Hadoop error in shuffle in fetcher: Exceeded MAX_FAILED_UNIQUE_FETCHES

classic Classic list List threaded Threaded
2 messages Options
Reply | Threaded
Open this post in threaded view
|

Hadoop error in shuffle in fetcher: Exceeded MAX_FAILED_UNIQUE_FETCHES

Seonyeong Bak
Hi all,

We've run a hadoop cluster (Apache Hadoop 2.7.1) with 40 datanodes.
Currently, we're using Fair Scheduler in our cluster.
And there are no limits on the number of concurrent running jobs.
30 ~ 50 I/O heavy jobs has been running concurrently at dawn.

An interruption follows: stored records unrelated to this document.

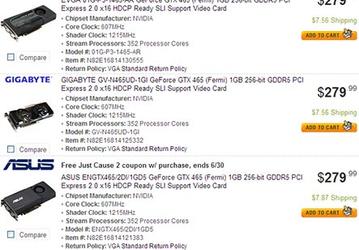 3D-карты NVIDIA GeForce GTX 465 появились в онлайновой продаже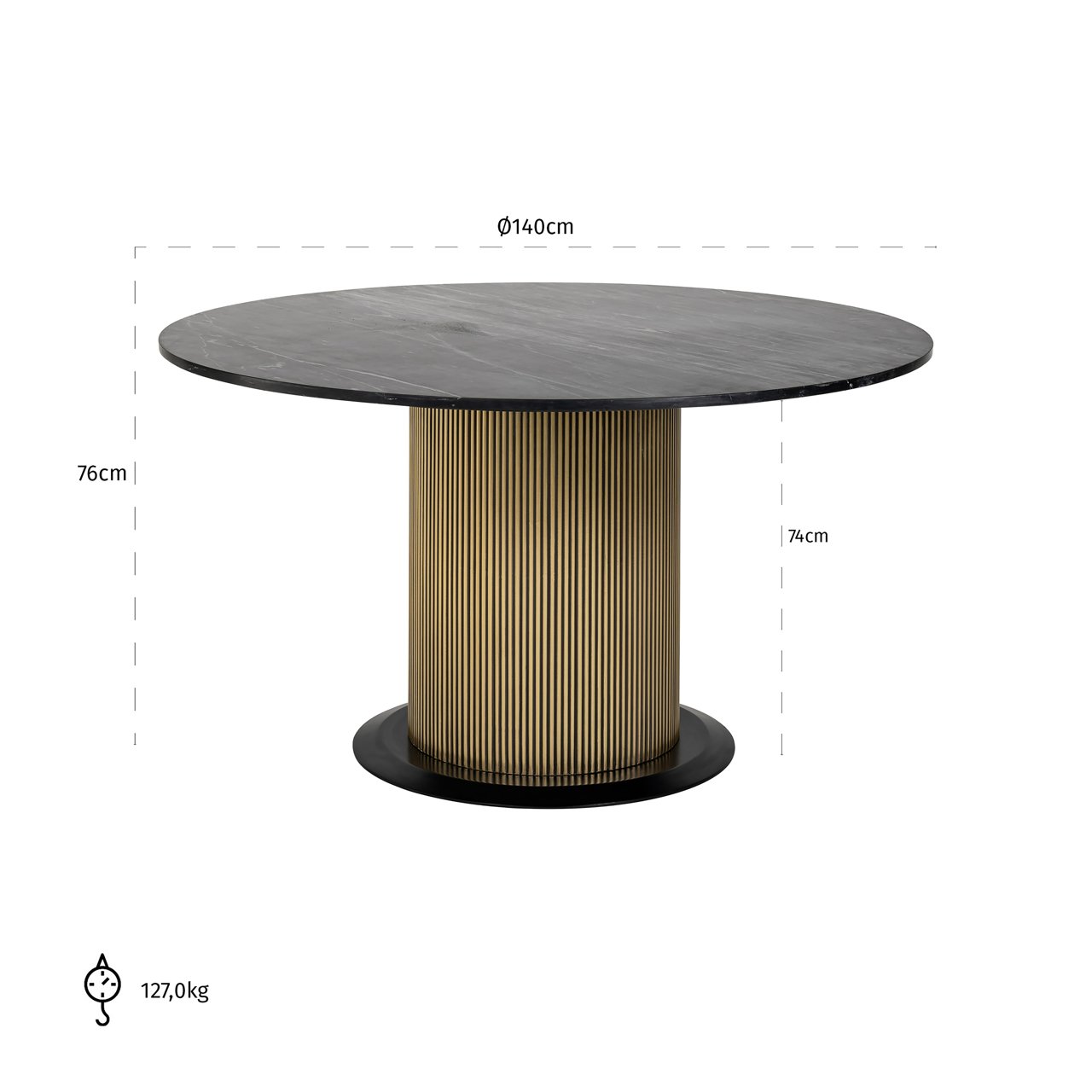Dining table Ironville gold 140Ø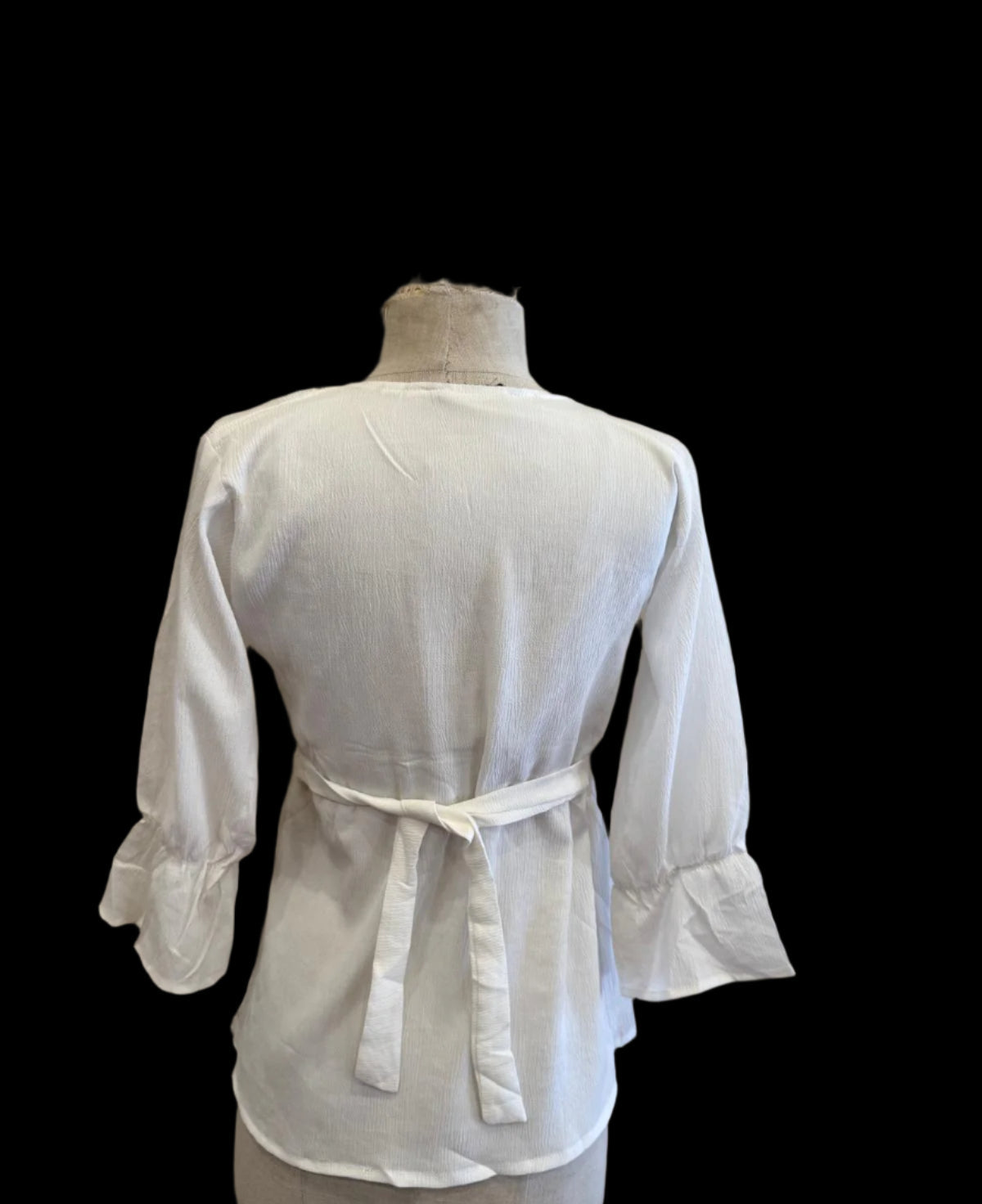 White Crinkle Cotton Colorful Embroidery Tunic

Recently we got shuffle errors as follows when we had run HDFS Balancer or spark streaming jobs..

Error: org.apache.hadoop.mapreduce.task.reduce.Shuffle$ShuffleError: error in shuffle in fetcher#2 
    at org.apache.hadoop.mapreduce.task.reduce.Shuffle.run(Shuffle.java:134) 
    at org.apache.hadoop.mapred.ReduceTask.run(ReduceTask.java:376)
    at org.apache.hadoop.mapred.YarnChild$2.run(YarnChild.java:164)
    at java.security.AccessController.doPrivileged(Native Method)
    at javax.security.auth.Subject.doAs(Subject.java:415)
    at org.apache.hadoop.security.UserGroupInformation.doAs(UserGroupInformation.java:1657)
    at org.apache.hadoop.mapred.YarnChild.main(YarnChild.java:158)
Caused by: java.io.IOException: Exceeded MAX_FAILED_UNIQUE_FETCHES; bailing-out.
    at org.apache.hadoop.mapreduce.task.reduce.ShuffleSchedulerImpl.checkReducerHealth(ShuffleSchedulerImpl.java:366)
    at org.apache.hadoop.mapreduce.task.reduce.ShuffleSchedulerImpl.copyFailed(ShuffleSchedulerImpl.java:288)
    at org.apache.hadoop.mapreduce.task.reduce.Fetcher.copyFromHost(Fetcher.java:354) 
    at org.apache.hadoop.mapreduce.task.reduce.Fetcher.run(Fetcher.java:193)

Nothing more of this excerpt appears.